The reality is that there is more, a lot more, to a book than just words on a page. In fact, there are times when an individual book can exude a distinctive personality. A case in point is Between Them - Remembering My Parents, written by Richard Ford and published by Jonathan Cape, which exudes a personality all of its own. It is a modest volume, but is presented in such a way that it is almost impossible for the reader to resist opening it and be immediately immersed in the Author’s Note, which is worth quoting in full:
“In writing these two memoirs - thirty years apart - I have permitted some inconsistencies to persist between the two, and I have allowed myself the lenience to retell certain events. Both of these choices, I hope, will remind the reader that I was one person raised by two very different people, each with a separate perspective to impress upon me, each trying to act in concert with the other, and each of whose eyes I tried to see the world through. Bringing up a son who can survive to adulthood must sometimes seem to parents little more than a doomed exercise in repetition, an often futile but loving effort at consistency. In all cases, however, entering the past is precarious business, since the past strives but always half-fails to make us who we are.”

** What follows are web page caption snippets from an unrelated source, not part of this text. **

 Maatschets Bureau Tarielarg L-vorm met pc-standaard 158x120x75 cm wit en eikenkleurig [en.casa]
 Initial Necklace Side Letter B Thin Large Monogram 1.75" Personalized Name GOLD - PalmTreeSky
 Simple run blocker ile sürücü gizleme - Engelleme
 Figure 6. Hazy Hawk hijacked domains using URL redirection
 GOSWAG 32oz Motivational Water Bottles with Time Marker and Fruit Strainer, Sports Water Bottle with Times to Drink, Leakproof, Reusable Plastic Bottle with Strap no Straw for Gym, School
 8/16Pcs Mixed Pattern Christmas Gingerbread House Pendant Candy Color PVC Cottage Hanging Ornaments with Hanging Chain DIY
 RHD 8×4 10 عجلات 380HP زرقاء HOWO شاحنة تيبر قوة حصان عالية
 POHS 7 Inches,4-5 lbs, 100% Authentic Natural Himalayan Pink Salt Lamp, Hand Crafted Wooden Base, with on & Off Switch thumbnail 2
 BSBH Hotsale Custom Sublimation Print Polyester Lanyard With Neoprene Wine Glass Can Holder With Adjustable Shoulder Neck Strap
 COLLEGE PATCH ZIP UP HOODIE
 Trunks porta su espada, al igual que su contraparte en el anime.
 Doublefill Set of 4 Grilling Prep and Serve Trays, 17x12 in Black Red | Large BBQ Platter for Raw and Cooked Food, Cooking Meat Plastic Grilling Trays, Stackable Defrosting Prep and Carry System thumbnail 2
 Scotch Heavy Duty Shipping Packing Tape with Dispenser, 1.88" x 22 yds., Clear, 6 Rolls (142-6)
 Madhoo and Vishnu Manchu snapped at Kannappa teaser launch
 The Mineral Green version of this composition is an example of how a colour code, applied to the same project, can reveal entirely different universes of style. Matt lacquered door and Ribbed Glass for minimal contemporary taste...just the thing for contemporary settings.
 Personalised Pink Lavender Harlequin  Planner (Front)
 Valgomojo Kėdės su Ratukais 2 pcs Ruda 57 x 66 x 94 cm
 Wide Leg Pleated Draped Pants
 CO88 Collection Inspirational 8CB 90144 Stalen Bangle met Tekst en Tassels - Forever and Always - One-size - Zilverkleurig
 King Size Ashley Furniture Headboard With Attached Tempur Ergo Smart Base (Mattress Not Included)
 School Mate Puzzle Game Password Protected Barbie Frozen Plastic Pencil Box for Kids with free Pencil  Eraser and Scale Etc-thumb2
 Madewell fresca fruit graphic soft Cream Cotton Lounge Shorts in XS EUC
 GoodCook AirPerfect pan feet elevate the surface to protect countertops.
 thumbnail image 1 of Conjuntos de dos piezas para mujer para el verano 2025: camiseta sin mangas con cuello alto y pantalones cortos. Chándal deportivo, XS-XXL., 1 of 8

This somewhat modest statement is indicative of the powerful narrative that follows, beginning with the sentence: “Somewhere deep in my childhood, my father is coming up the road on a Friday night. He is a traveling salesman. It is 1951 or ‘52.”
The reader meets Parker Ford, a tall country boy with a warm hesitant smile and subsequently his mother Edna Atkins a dark eyed Arkansas beauty whose convent education was cut short by her itinerant parents and who was only seventeen when she fell in love with the travelling salesman. Ford’s prose is honest and forthright but always affectionate and imbued with a deep love for his sometimes nomadic parents who, throughout the 1930s and until his arrival in 1944, lead a life on the road as Edna accompanied her husband on his sales trips to cities like New Orleans, Memphis and Texarkana.
His description of his own childhood and relationship with his parents is equally direct, warm and loving. The reader feels totally welcome and completely at home in their company. Between Them - Remembering My Parents is one of those rare jewels, an uplifting and happy book that the reader will not want to finish. It is the perfect holiday read.